Following @SharkyKesa's hint, observe that if you apply a linear transformation to your triangle (and the three selected points), the ratio between the area of the subtriangle and the main triangle remains invariant. So you can begin by transforming the main triangle to any one that's convenient to work with. I propose one with vertices $A = (0,0), B = (1, 0), C = (0, 1)$, whose area is $T = \frac12$.
Picking vertices for the subtriangle in each edge in turn gives
$$
v_1 = (0, t)\\
v_2 = (u, 0)\\
v_3 = (1-s, s).
$$
where $s,t,u$ are uniform random variables on $[0, 1]$.

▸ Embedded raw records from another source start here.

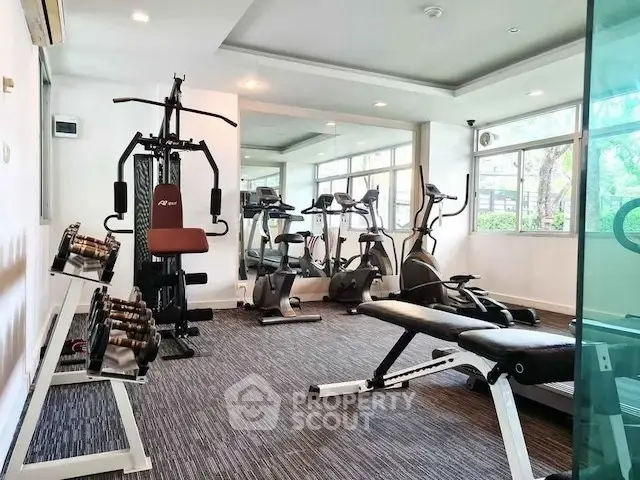 Modern gym with state-of-the-art fitness equipment and large windows for natural light.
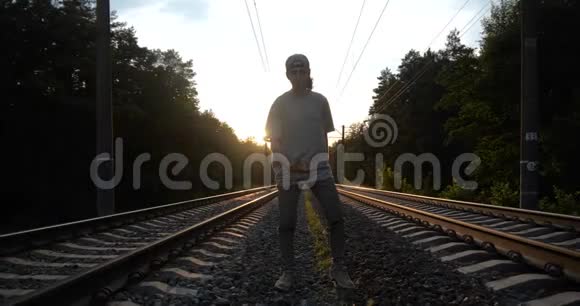 4k年轻有魅力的黑发男子在日落时分在铁路轨道上跳舞慢动作视频的预览图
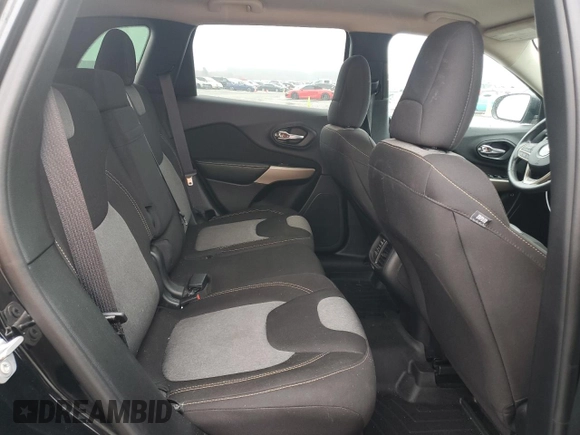 2017 Jeep Cherokee Sport z VIN 1C4PJLAS9HW573906, wystawiony jako Copart lot #87459584 z przebiegiem 73 501 mil mil oraz Szkoda całkowita • Salvage title. Historia ofert i sprzedaży dostępna na DreamBid. Obrazek 11.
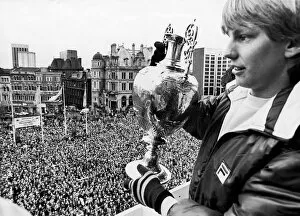 00441 Collection: Aston Villa footballer Gary Shaw shows of the the league Championship trophy to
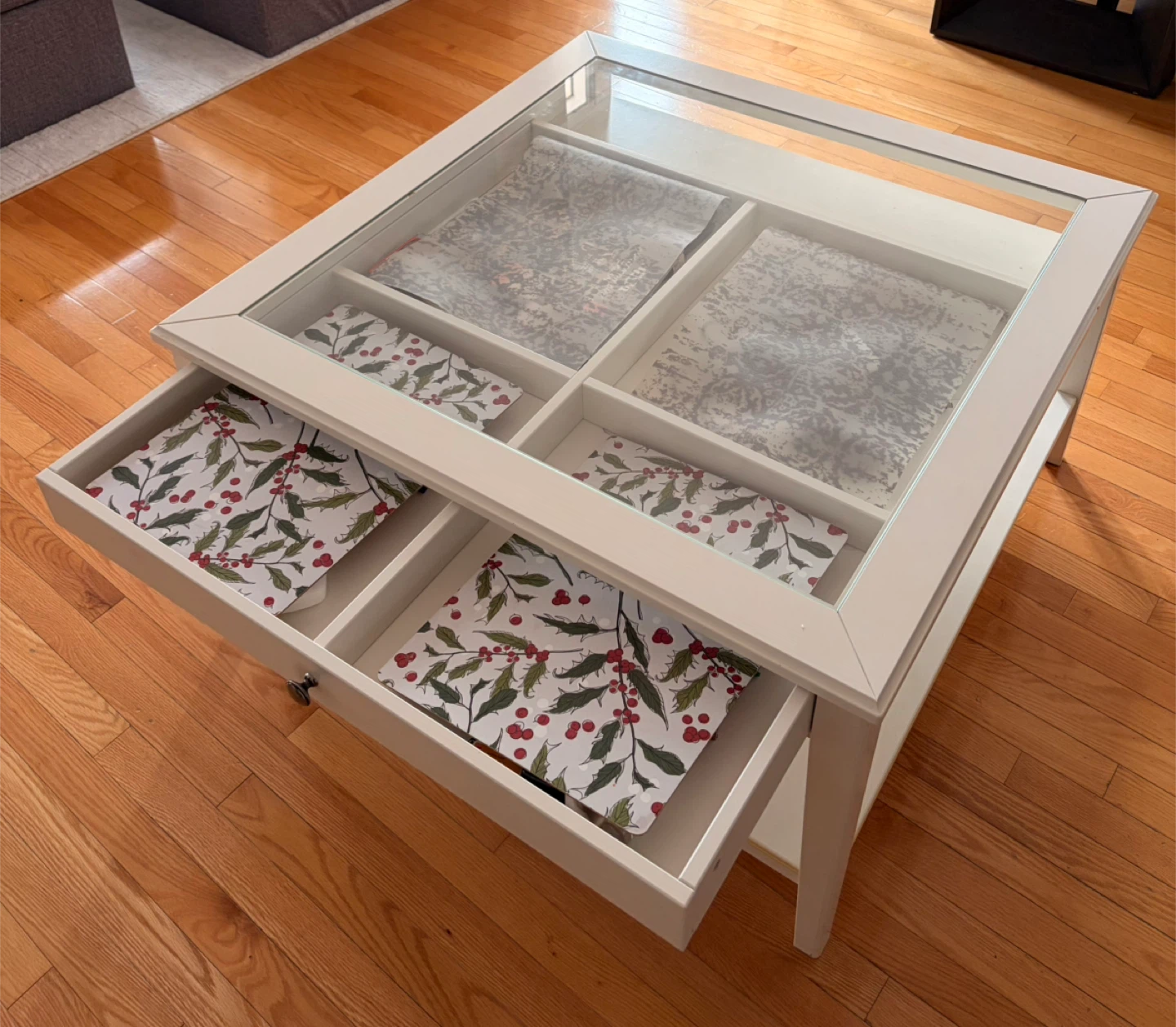 White IKEA coffee table with glass top and storage drawers - photo 2
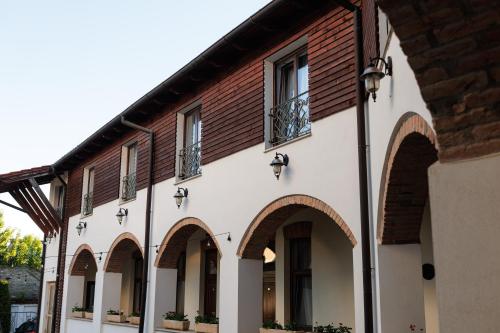a building with arches and windows on it at La Maison de Caroline in Alba Iulia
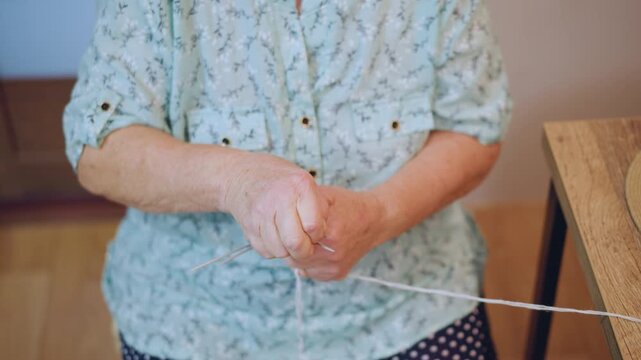 Senior lady untangling colorful thread carefully. Old woman sitting at table with yarn and flowers. Elderly lady dressed in floral attire engaging in domestic craft activity indoors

Note that $v_1v_2v_3$ is a counterclockwise traversal of the triangle.
Following the discussion here, the area of the triangle $v_1v_2v_3$ is
\begin{align}
S
&= \frac12\left(-ut + us + (1-s)t \right)\\
2S&= u(s-t) + t - st\\
\end{align}
To compute the expected value of $2S$, we integrate over $[0, 1]^3$ to get
\begin{align}
avg(2S)
&= \int_0^1 \int_0^1 \int_0^1 u(s-t) + t - st ~du ~dt ~ds\\
&= \int_0^1 \int_0^1 \left. (\frac{u^2}{2}(s-t) + u(t - st)) \right|_{u=0}^1 ~dt ~ds\\
&= \int_0^1 \int_0^1 \frac{1}{2}(s-t) + (t - st) ~dt ~ds\\
&= \int_0^1 \int_0^1 \frac{1}{2}s + \frac12 t - st ~dt ~ds\\
&= \int_0^1 \left. \frac{1}{2}st + \frac12 \frac{t^2}{2} - s\frac{t^2}{2} \right|_{t=0}^1 ~ds\\
&= \int_0^1 \frac{1}{2}s + \frac14 - \frac{s}{2} ~ds\\
&= \int_0^1 \frac14~ds\\
&= \frac14
\end{align}
so that the average of $S$ is $\frac{1}{8}$, which is $\frac{1}{4}T$, where $T = \frac12$ is the area of the original outer triangle $ABC$.